20    The appellants filed notices pursuant to r 2.06 of the Federal Court (Bankruptcy) Rules 2005 (Cth) stating that they opposed the petitions on seven grounds, including that they were solvent, they had a counter claim, set-off or cross-demand exceeding the judgment debts and that the bankruptcy notices were invalid as “execution on the judgment in favour of the applicant [ASIC] was deemed to have been stayed” on account of the freezing orders made in the ACT proceeding. They also asserted that the creditor’s petitions were an abuse of process.

21    The key issues considered by his Honour can be summarised as follows:

(a)    Whether the solvency of the appellants could be established by the willingness of a third party (Ezybonds (Pacific) Ltd Partnership) to meet the debts the subject of the creditor’s petitions and thus whether there was “other sufficient cause” under s 52(2)(b) of the Act not to make sequestration orders.

(b)    Whether the creditor’s petitions were an abuse of process.

(c)    Whether any counterclaim, set-off or cross-demand existed in answer to the judgment debts.

(d)    Whether ASIC was the Commonwealth or its privy for the purposes of the judgment debts and thus whether there was “other sufficient cause” not to make the sequestration orders sought given the appellants likely prospects of success on appeal against the Commonwealth in the ACT proceeding (including succeeding on any claim flowing from the undertaking as to damages given by the Commonwealth).

(e)    Whether the hearing of the creditor’s petitions should be adjourned pending the final resolution of the ACT proceeding including any appeal.

22    His Honour found that none of the grounds of opposition were made out by the appellants. His Honour also refused to adjourn the hearing of the creditor’s petitions as sought by the appellants.

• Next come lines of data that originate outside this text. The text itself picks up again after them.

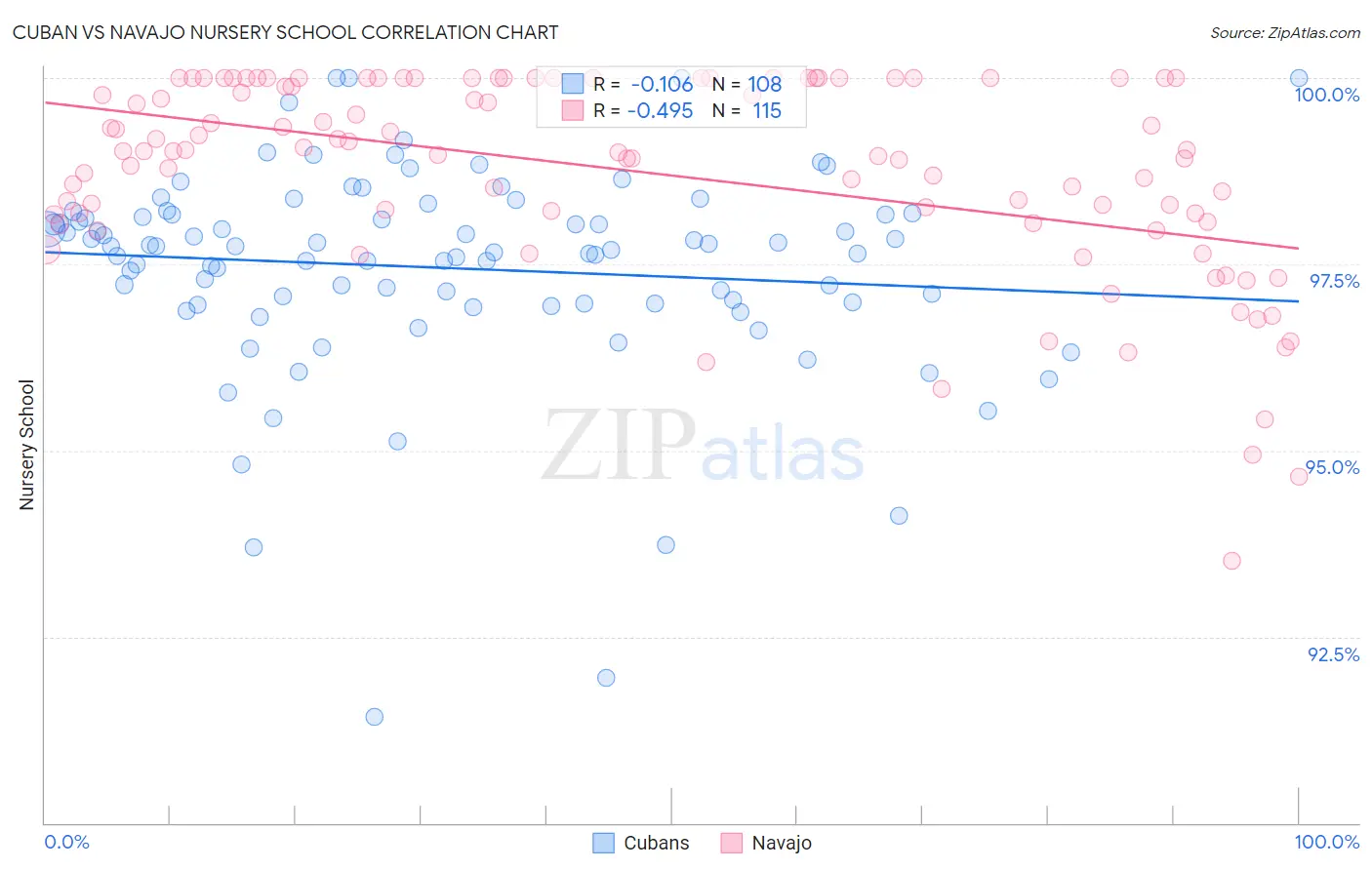 Cuban vs Navajo Nursery School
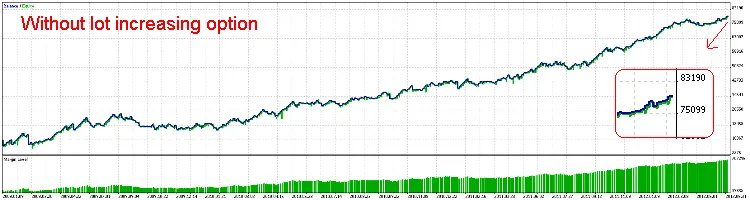 Maximize Your Trading with EA_MARSI: The Ultimate MetaTrader 5 Tool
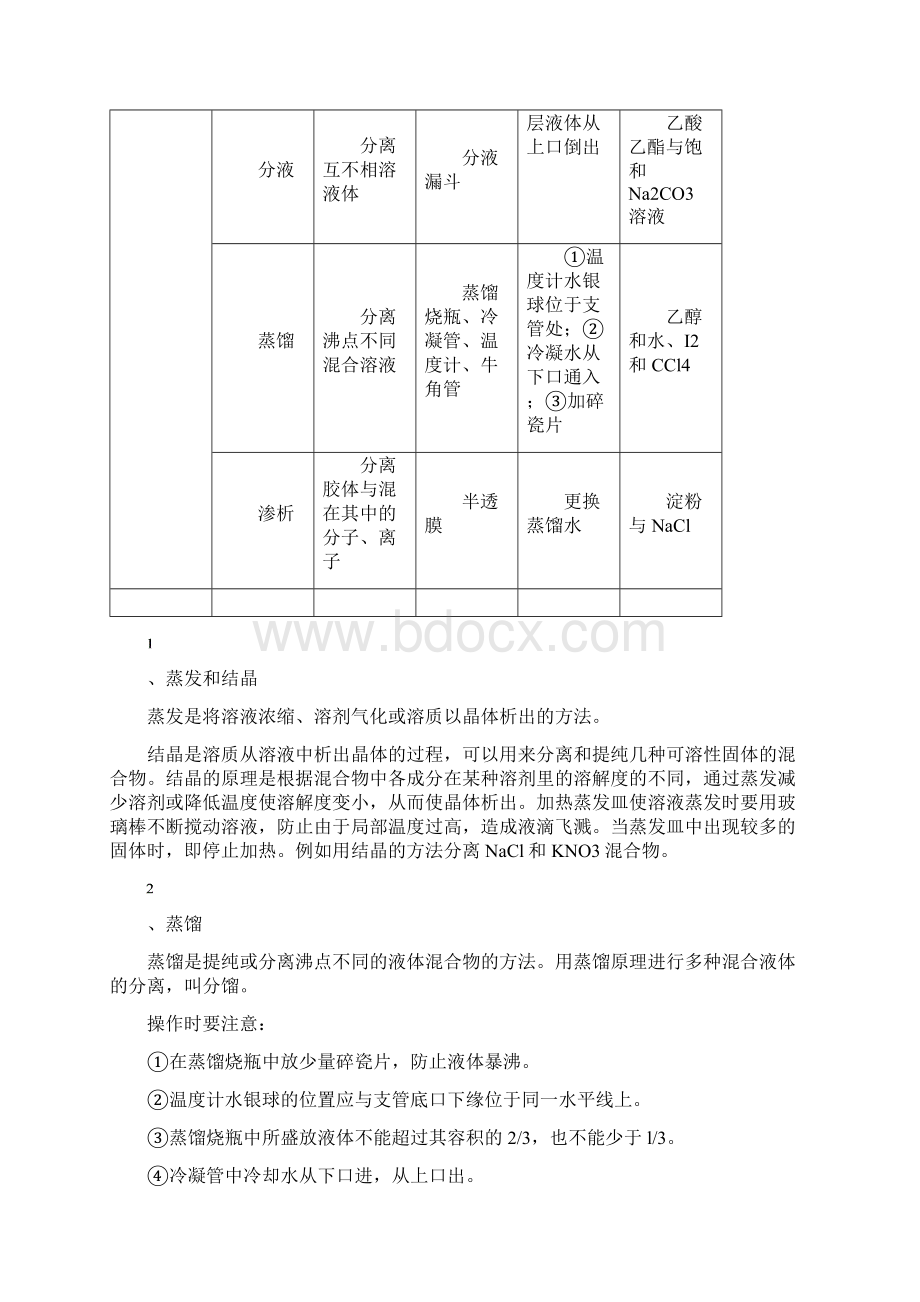 高一化学必修一前三章知识点总结经典教学版讲解.docx_第2页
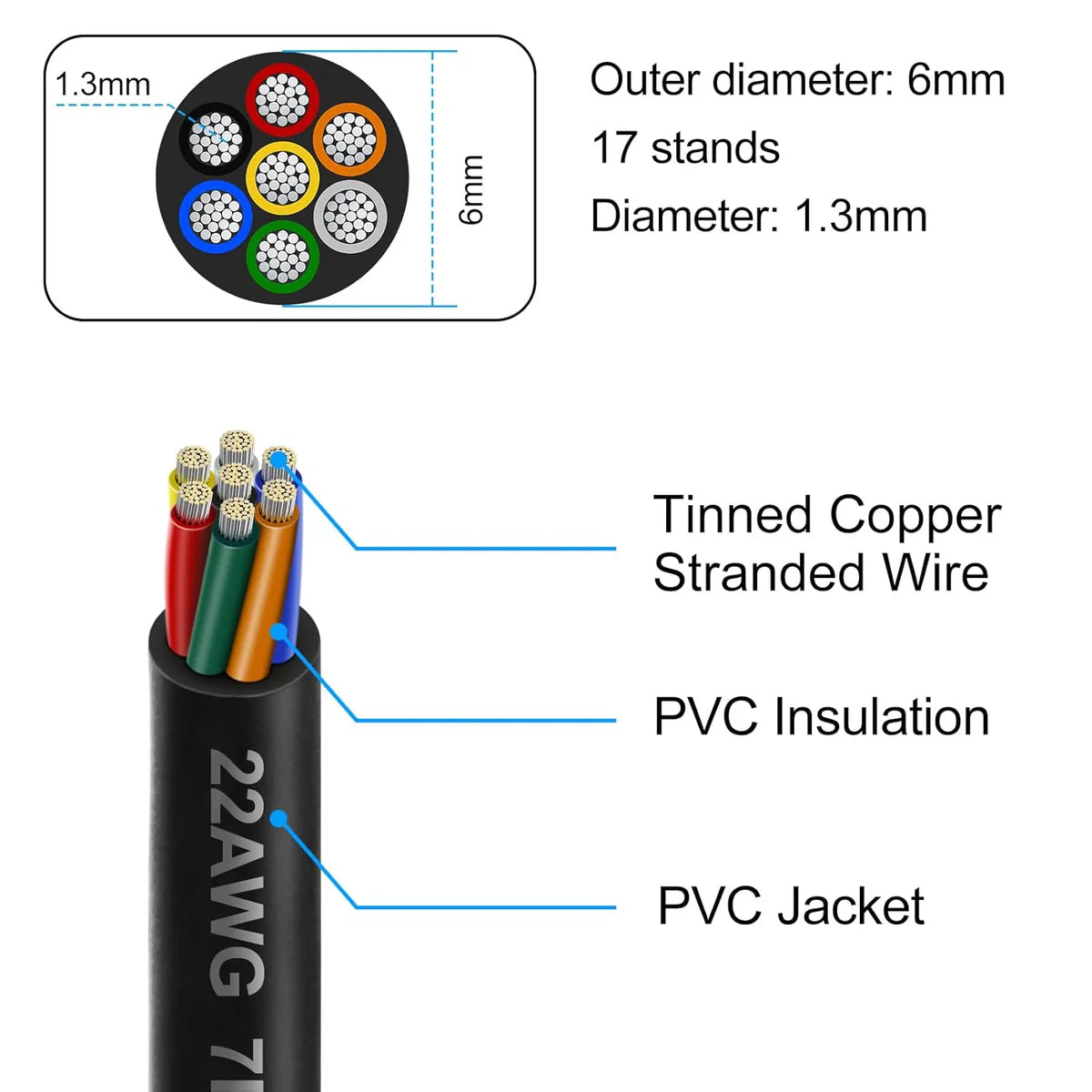 22 AWG 6/7/8 Conductor Black/White PVC Insulated Copper Cable – Multi-Core Control Cable Flexible Wire for LED & Electrical Systems – 5m (16.5ft)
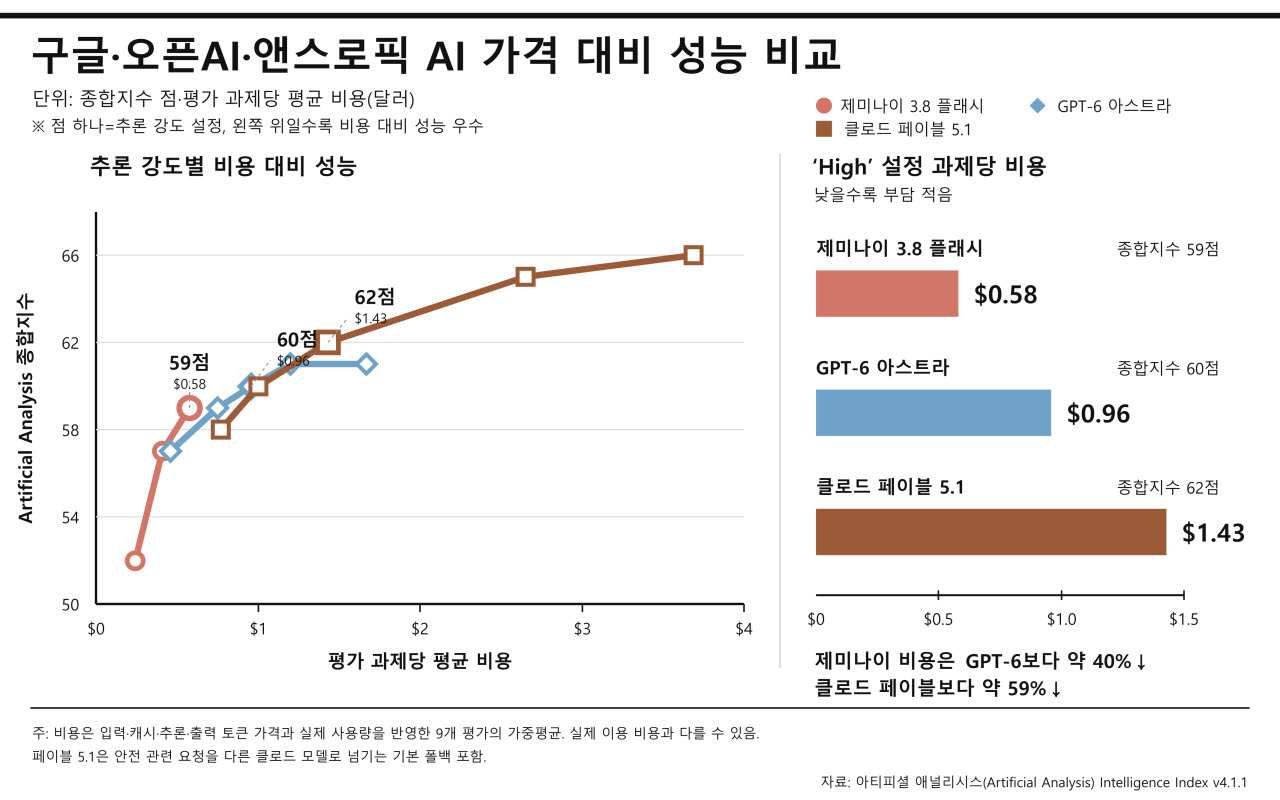 (자료=Artificial Analysis)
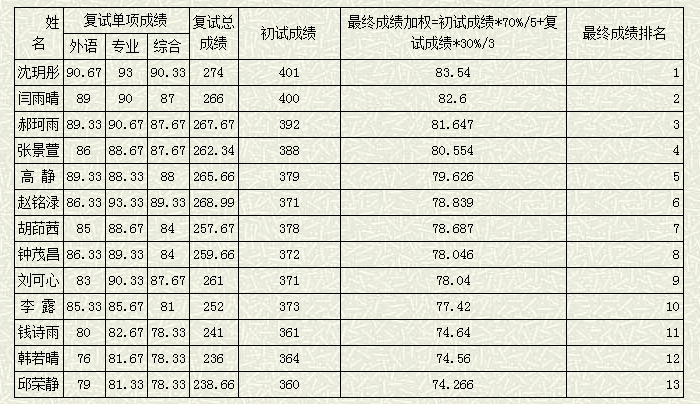 2021年吉林大学教育学复试详解（附分数线、拟录取名单）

23    On 29 July 2014, his Honour made sequestration orders against the estate of each appellant. The Official Trustee is the trustee of each estate.

Hearing of the appeals

24    As we have said, on 19 August 2014 the appellants filed notices of appeal (amended on 23 October 2014), appealing the whole of his Honour’s judgment including the sequestration orders. In essential respects, each notice was in identical form.

25    The nine grounds of appeal were nebulous, and overlapped in part, but can be summarised as follows:

(a)    The primary judge erred in finding that the appellants were not able to pay their debts as Allan Endresz could facilitate payment from the resources of a third party being Ezybonds (Pacific) Ltd Partnership (grounds 1a and 2) or the properties the subject of the freezing orders (should the freezing orders be lifted, which was within the power of ASIC being the Commonwealth) (grounds 1b-e and 2);

(b)    No act of bankruptcy was committed by the appellants as the freezing orders imposed prevented realisation of the appellants’ material assets (grounds 1b-e, 4, 6 and 7);

(c)    There was other sufficient cause which required dismissal of the petitions as the beneficial owner of the judgment debts (the Commonwealth) had the power to seek the lifting of the freezing orders to allow payment of the debts (grounds 1, 3, 4 and 5); and

(d)    The primary judge failed to consider whether to adjourn the petitions until after the determination of the ACT proceeding (including all appeals) and to so adjourn the petitions (grounds 8 and 9).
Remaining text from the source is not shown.